The group wrote in its first letter in June that the presence of the sign on city property “conveys a government preference for religion over nonreligion, and prefers Christianity over other religions.”

“It is illegal for the government to erect religious displays on private property, just as it is illegal to erect them on public property,” attorney Sam Grover wrote in a subsequent letter, reported by the Tyler Morning Telegraph. “The city of Hawkins could not legally erect a cross in a privately owned church. Nor can it erect a sign proclaiming 'Jesus Welcomes You' on private property. The sign must be removed, regardless of who owns the land under it.”

The city disagrees.

“It's still there. We don't have any intentions of taking it down. It looks like the place where it's sitting may not even belong to the city,” Mayor William Rogers said, according to the Longview News-Journal. “The citizens bought it to replace an old First Baptist sign that had been there for 50 years, and the council just voted to allow the sign to be placed there.”

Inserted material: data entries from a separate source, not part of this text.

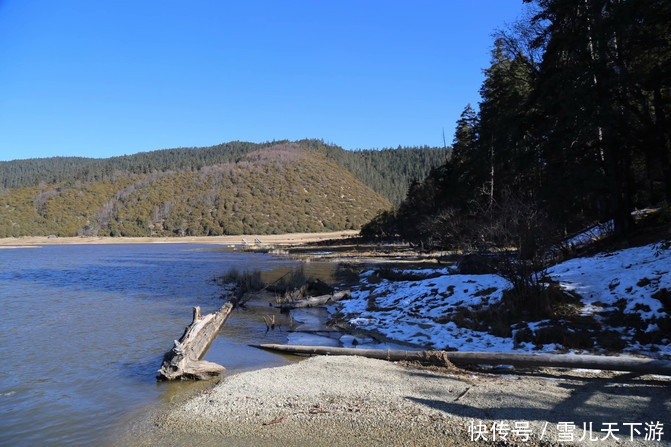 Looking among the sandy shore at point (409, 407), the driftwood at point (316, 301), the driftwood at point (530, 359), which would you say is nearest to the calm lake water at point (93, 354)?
the driftwood at point (316, 301)

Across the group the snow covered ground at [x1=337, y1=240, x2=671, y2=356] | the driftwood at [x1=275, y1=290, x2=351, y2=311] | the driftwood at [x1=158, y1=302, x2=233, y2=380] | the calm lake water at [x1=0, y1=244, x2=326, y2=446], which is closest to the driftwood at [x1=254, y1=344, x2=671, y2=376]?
the snow covered ground at [x1=337, y1=240, x2=671, y2=356]

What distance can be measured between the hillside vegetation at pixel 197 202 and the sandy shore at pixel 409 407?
101 metres

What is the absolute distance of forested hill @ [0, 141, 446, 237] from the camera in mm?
106938

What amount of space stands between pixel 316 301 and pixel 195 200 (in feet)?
378

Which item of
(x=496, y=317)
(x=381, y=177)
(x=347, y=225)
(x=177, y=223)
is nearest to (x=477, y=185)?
(x=496, y=317)

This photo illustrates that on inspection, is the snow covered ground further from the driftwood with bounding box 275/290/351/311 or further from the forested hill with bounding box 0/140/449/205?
the forested hill with bounding box 0/140/449/205

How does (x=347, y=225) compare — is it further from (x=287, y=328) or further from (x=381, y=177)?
(x=287, y=328)

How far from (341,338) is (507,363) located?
186 inches

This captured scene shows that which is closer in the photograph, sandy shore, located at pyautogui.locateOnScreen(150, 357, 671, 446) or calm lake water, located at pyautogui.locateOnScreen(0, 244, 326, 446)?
sandy shore, located at pyautogui.locateOnScreen(150, 357, 671, 446)

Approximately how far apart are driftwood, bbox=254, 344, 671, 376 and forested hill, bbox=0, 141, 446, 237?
99772mm

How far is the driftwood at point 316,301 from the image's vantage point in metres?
15.9

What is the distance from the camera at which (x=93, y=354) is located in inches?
394

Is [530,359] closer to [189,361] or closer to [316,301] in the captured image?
[189,361]

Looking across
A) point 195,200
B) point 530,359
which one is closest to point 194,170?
point 195,200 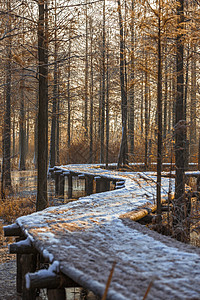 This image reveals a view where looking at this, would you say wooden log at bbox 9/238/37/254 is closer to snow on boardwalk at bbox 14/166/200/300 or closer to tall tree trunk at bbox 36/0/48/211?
snow on boardwalk at bbox 14/166/200/300

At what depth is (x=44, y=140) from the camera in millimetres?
8469

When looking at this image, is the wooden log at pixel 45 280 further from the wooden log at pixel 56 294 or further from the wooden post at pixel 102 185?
the wooden post at pixel 102 185

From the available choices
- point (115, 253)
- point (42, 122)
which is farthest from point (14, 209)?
point (115, 253)

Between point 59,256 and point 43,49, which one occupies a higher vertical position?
point 43,49

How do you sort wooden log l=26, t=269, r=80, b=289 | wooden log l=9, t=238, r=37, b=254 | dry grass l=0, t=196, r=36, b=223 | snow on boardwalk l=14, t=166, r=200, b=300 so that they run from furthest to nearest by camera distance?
dry grass l=0, t=196, r=36, b=223 < wooden log l=9, t=238, r=37, b=254 < wooden log l=26, t=269, r=80, b=289 < snow on boardwalk l=14, t=166, r=200, b=300

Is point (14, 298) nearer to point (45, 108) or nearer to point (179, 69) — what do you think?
point (45, 108)

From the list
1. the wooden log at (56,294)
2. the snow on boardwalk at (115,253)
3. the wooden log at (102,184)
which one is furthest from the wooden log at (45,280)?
the wooden log at (102,184)

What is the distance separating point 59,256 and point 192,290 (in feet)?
4.70

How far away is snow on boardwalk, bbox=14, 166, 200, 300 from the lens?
294 centimetres

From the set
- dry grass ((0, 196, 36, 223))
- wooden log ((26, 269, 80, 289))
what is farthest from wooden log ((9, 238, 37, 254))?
dry grass ((0, 196, 36, 223))

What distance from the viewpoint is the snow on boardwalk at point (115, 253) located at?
2.94 meters

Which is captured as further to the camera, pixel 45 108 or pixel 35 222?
pixel 45 108

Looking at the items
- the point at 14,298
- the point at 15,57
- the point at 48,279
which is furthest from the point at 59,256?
the point at 15,57

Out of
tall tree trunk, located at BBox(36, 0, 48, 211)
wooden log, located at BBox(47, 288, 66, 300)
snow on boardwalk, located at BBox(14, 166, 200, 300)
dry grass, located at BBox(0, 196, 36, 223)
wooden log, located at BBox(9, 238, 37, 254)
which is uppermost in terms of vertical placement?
tall tree trunk, located at BBox(36, 0, 48, 211) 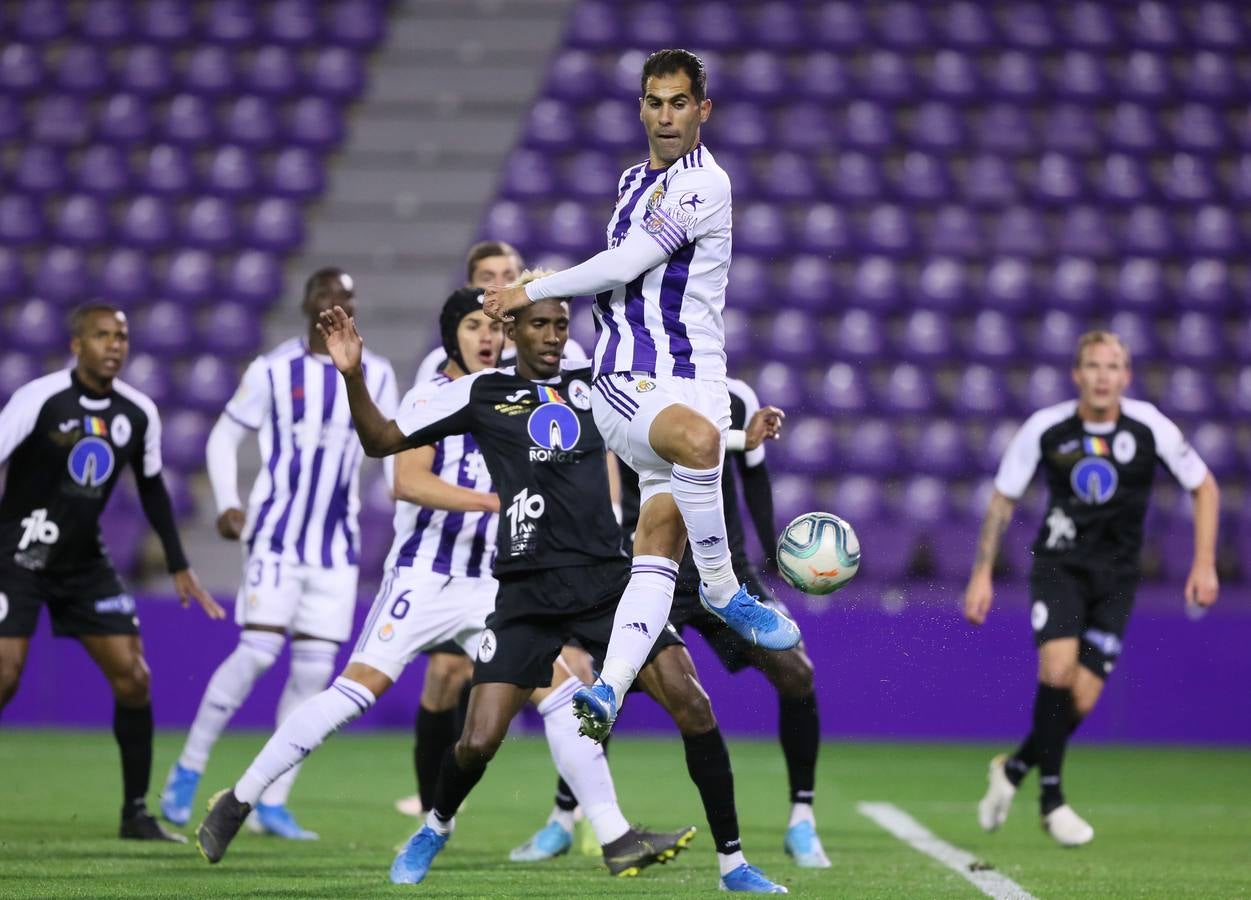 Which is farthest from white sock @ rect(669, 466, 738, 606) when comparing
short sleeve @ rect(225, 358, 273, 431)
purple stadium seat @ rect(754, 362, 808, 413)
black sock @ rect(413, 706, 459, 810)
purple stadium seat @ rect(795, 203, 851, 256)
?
purple stadium seat @ rect(795, 203, 851, 256)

Some local businesses have shown their solidarity with Hawkins by hanging their own Jesus signs on their property.

“Christians in Longview need to stand up for their rights. I wanted everyone to know that ... we believe in Christ, we believe in Jesus,” stated Randy Tyree, who owns an auto repair business.

“The FFRF is a state church watch dog organization. When it comes to private individuals or businesses, they should be free to express their beliefs,” Grover added. “It's only when the government dictates what people should believe by choosing to promote one religion that it becomes a problem. And that's not my personal opinion, that's what the Constitution requires.”